● **Dataset extract**:
# # # #
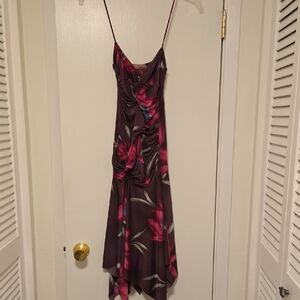 Prada Asymmetrical Dress in Pink and Brown Floral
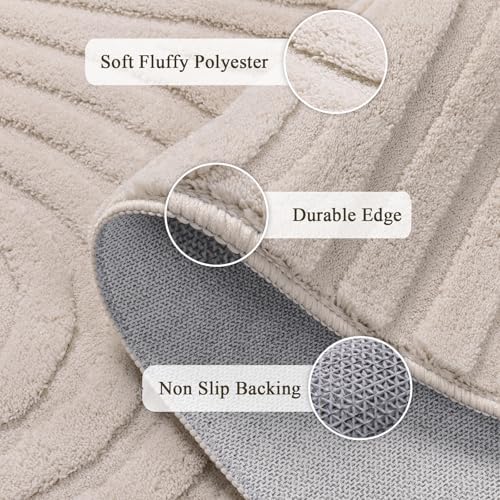 SHACOS Soft Cozy Fluffy Arch Pattern High Low Pile Round Rug 6ft Non Slip - Image 3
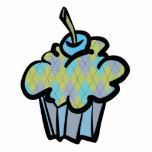 blue and green argyle cupcake photo sculptures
# # # #
● **What to produce**:
Print out the whole of the material word for word, without pictures.

● **Exercise solution**:
 Prada Asymmetrical Dress in Pink and Brown Floral
 SHACOS Soft Cozy Fluffy Arch Pattern High Low Pile Round Rug 6ft Non Slip - Image 3
 blue and green argyle cupcake photo sculptures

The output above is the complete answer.